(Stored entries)
_____
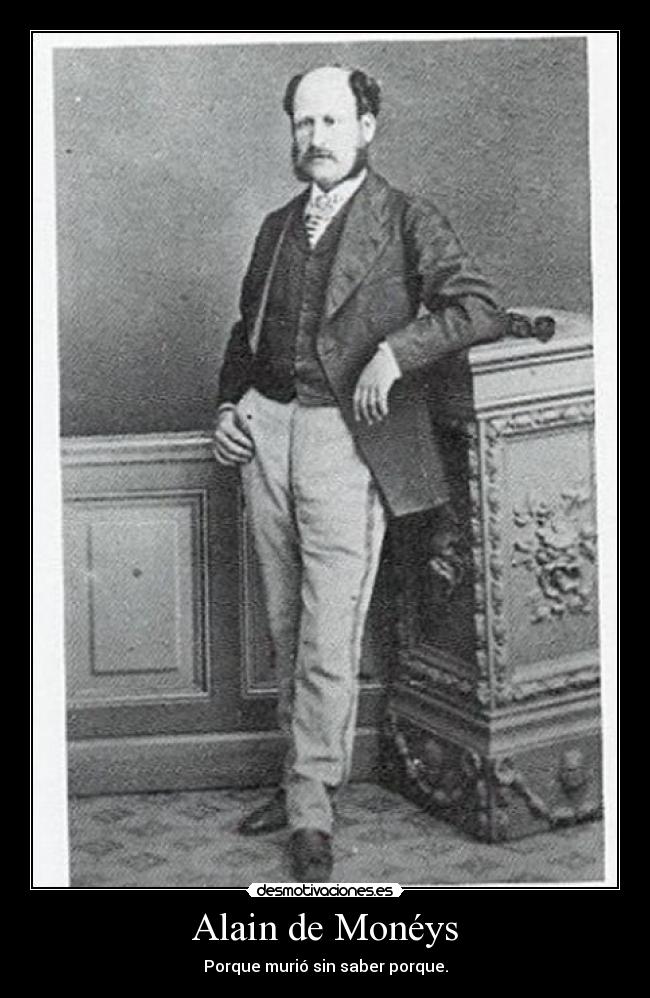 Alain de Monéys - Porque murió sin saber porque.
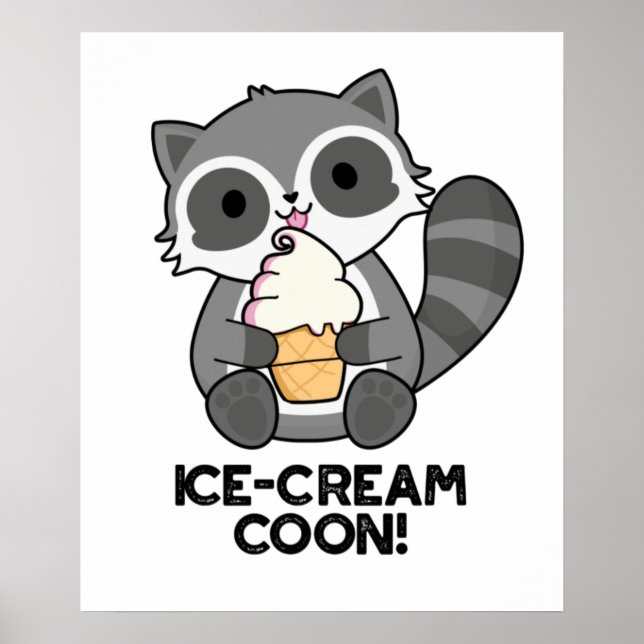 Eiscreme Coom Funny Animal Racoon Pub Poster (Vorne)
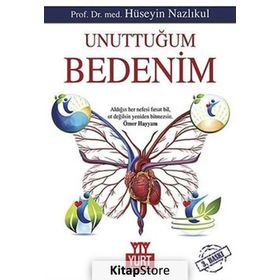 UNUTTUĞUM BEDENIM - HÜSEYİN NAZLIKUL
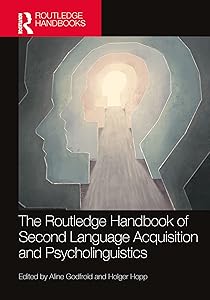 The Routledge Handbook of Second Language Acquisition and Psycholinguistics (The Routledge Handbooks in Second Language Acquisition) by Aline Godfroid
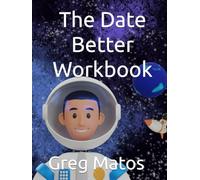 The Date Better Workbook: Starting a masterful love from your first date.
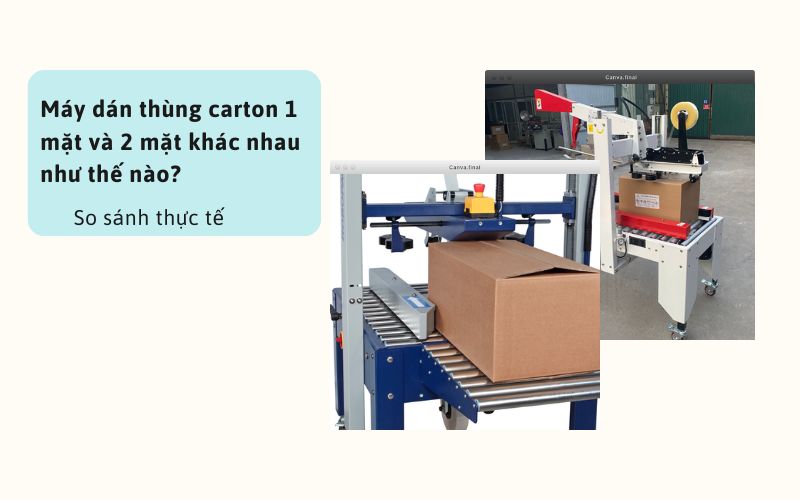 Máy dán thùng carton 1 mặt và 2 mặt khác nhau như thế nào?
_____
Your task :: Only an exact copy of the records, free of images, belongs in the answer.

Completed exercise ::
 Alain de Monéys - Porque murió sin saber porque.
 Eiscreme Coom Funny Animal Racoon Pub Poster (Vorne)
 UNUTTUĞUM BEDENIM - HÜSEYİN NAZLIKUL
 The Routledge Handbook of Second Language Acquisition and Psycholinguistics (The Routledge Handbooks in Second Language Acquisition) by Aline Godfroid
 The Date Better Workbook: Starting a masterful love from your first date.
 Máy dán thùng carton 1 mặt và 2 mặt khác nhau như thế nào?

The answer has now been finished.